Well, big surprise, I haven’t posted anything in two months. I have been busy, but I’ve also fought with the questions of “what do I want to say”, and “how do I want to say it”? It would be easy for me to rip off a multi-page screed on the failings of modern society, but the internet is already well-stocked in that type of writing, so I’m kind of stuck in an evaluation loop.

Anyway, today is Basketball Day, the start of the NCAA Tournament. It’s a flawed spectacle, but a spectacle none the less.  I am a fan (and graduate) of the University of Kansas, so my memory is full of great highs and horrible lows experienced during this month of March, all the way back to 1984.

Here’s the wisdom of my accumulated experience: Your team will probably break your heart. Try not to let that feeling last too long. It’s just a bunch of kids in baggy shorts.

Enjoy the games!

PS: The diet is going well, I’m down 25 pounds.

A New Year, A New Me….maybe

I am 49 years old, and I’m feeling every single minute of it. So I’m joining the usual “time to get in shape!” brigade that forms with the dawn of every new year.

So far, I’ve hooked up the FitBit I got for Christmas and haven’t eaten any fast food today. (Hey, it’s a start, at least.) Once I get my eating habits straightened out and get through next week’s follow-up appointment with my oncologist (Cancer surviving. There’s a likely blog topic if ever there was one.), I’m going to increase my physical activity.

My goal is to get down to 200 pounds by September (from 252 today) and to get in decent walking-around shape. I’m chaperoning a high school band trip to Chicago in April, and leading a trip to a Boy Scout conference in Michigan in August, so I just can’t afford the knee and lower back pain that tends to accompany every day spent hoofing it around the mall or IKEA or what have you.

Wish me luck. I’m going to need it.

And so this is Christmas…

…and what have I done? Not create any kind of consistent writing schedule, that’s what. But I would like to share one of my favorite holiday things….MST3K’s stirring rendition of “A Patrick Swayze Christmas”.

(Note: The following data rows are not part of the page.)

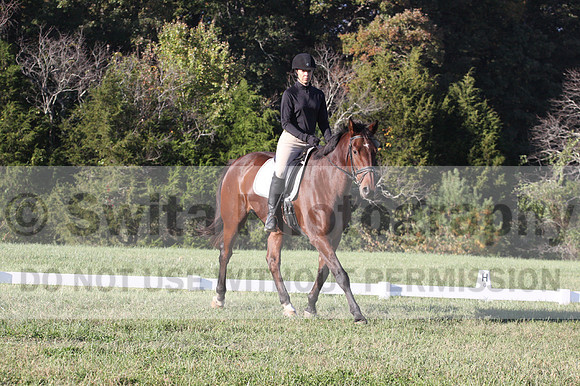 Kelly Linn on Hanover, Green Horse Trials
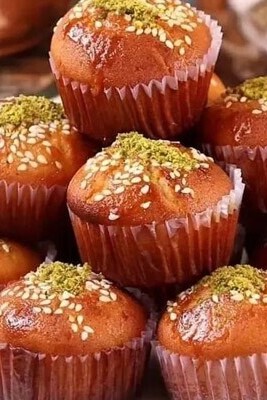 Recipe for Yazdi Cake in the Pastry Chef’s Method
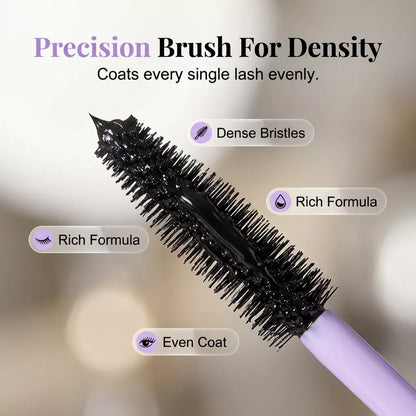 💜 1 Acheté, 1 Offert ! Mascara Tubing Effet Cils Longs – Waterproof et Sans Bavure !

And calling back to my 70s childhood… Christmas is complete without something from the GI Joe Adventure Team!


Merry Christmas!

So you say you want some content?

Well, that’s too bad. I have too many irons in the fire to get into a regular writing routine. Which is funny, because I started this blog to break my old routines and get into some kind of new writing-based routine.

But do not despair, for the current irons will come out of the fire soon enough, to be replaced with writing-based irons. Then I’ll start blogging about my kids on a regular basis. And possibly food.

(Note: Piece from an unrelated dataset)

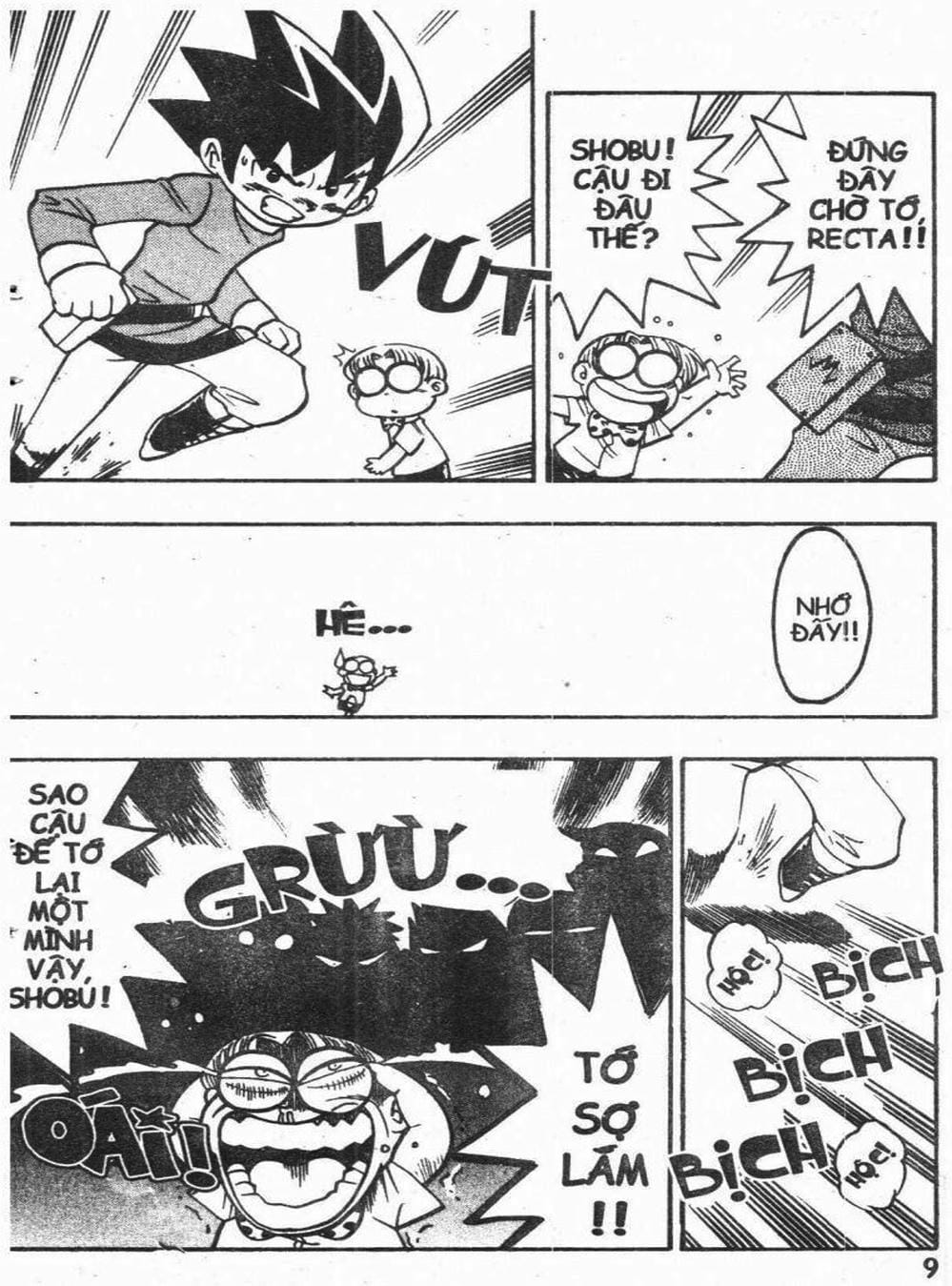 Truyện Tranh Vua Bài Ma Thuật - Duel Masters trang 4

So just what is an Escape Car, anyway???

Funny you should ask….the Escape Car was one of the many accessories offered for the greatest toy line of all time, the GI Joe Adventure Team. Basically, it’s a funky little four-wheel scooter GI Joe could fold up and carry on his back.

Here’s some dramatic package art:


And here’s some less dramatic package art showing how it went together:


Hey, I thought it was the coolest thing in the world in 1972, but I was seven years old, and had yet to discover girls and music.  Today, I have a pretty extensive collection of 70s GI Joes and accessories, and I will eventually share some pictures, but most of it is boxed up. The unboxing is my plan for the post-Christmas part of this winter.

If you want to see more of this stuff RIGHT NOW, I highly recommend my friend Barry Kay’s site, If it exists, Barry has it, or once had it and sold it in order to buy other, even cooler stuff.